Weather and climate are important factors affecting economic and social development. In China, the country’s National Climate Center releases an annual climate report that comprehensively covers China’s achievements and progress that year in climate system monitoring, climate impact assessment, and other aspects. This series of reports has been published in Atmospheric and Oceanic Science Letters for five consecutive years since 2019, and the “State of China’s climate in 2022” is now available.

This year’s report provides a comprehensive summary of the main climate characteristics and high-impact weather and climate events in China in 2022. As introduced by Director Li Wei of the Climate Service Office of the National Climate Center, in 2022, the overall climate condition in China was worse than normal, presenting a warm–dry climate with the second highest annual mean temperature in history.
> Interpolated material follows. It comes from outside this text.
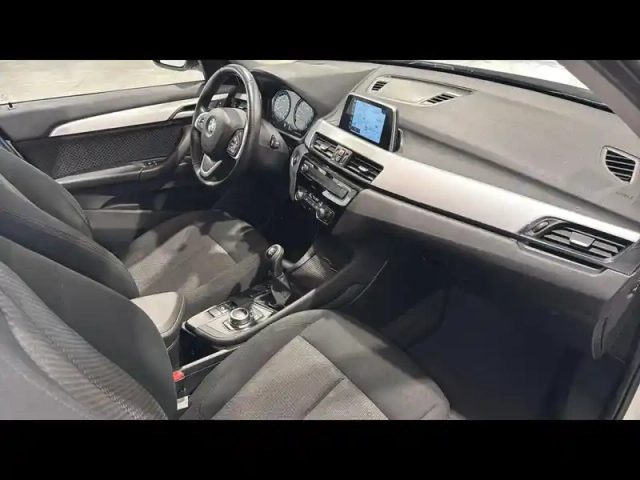 Bmw X1 sdrive18i 140ch lounge euro6d-t — photo 6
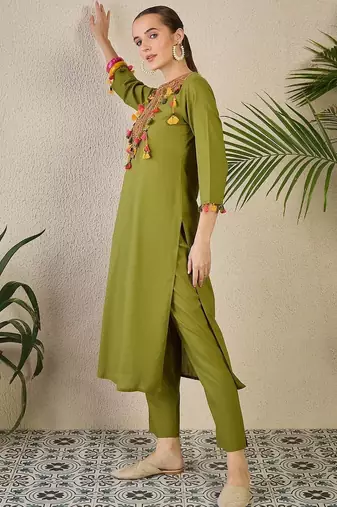 Women Ethnic Motifs Embroidered Regular Thread Work Pure Cotton Kurta with Trousers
The annual precipitation was the lowest recorded since 2012. The number of hot days and extreme high temperature events were both the highest in history, while the national average number of rainy days was the lowest. The precipitation in summer and autumn was less than normal. The average precipitation in summer was the second lowest since 1961. In summer, Northeast and North China had more rainfall during the flood season, while the Yangtze River Basin had less, resulting in extreme heatwaves and severe droughts.

In 2022, there was an apparent stepwise feature of drought regionally, with southern China heavily affected by long droughts in summer and autumn. Rainstorm processes occurred frequently, especially over the Pearl River Basin and the Songliao River Basin, causing severe flooding disasters in South China and Northeast China. In summer, the strongest heatwave since 1961 occurred in central and eastern China. Persistent cold, rainy, snowy, and sunless weather was observed in southern China in February, and a strong cold wave from late November to early December caused severe cooling over a large area. Sandstorm weather appeared less frequently and later than normal, and landfalling typhoons were extremely less frequent.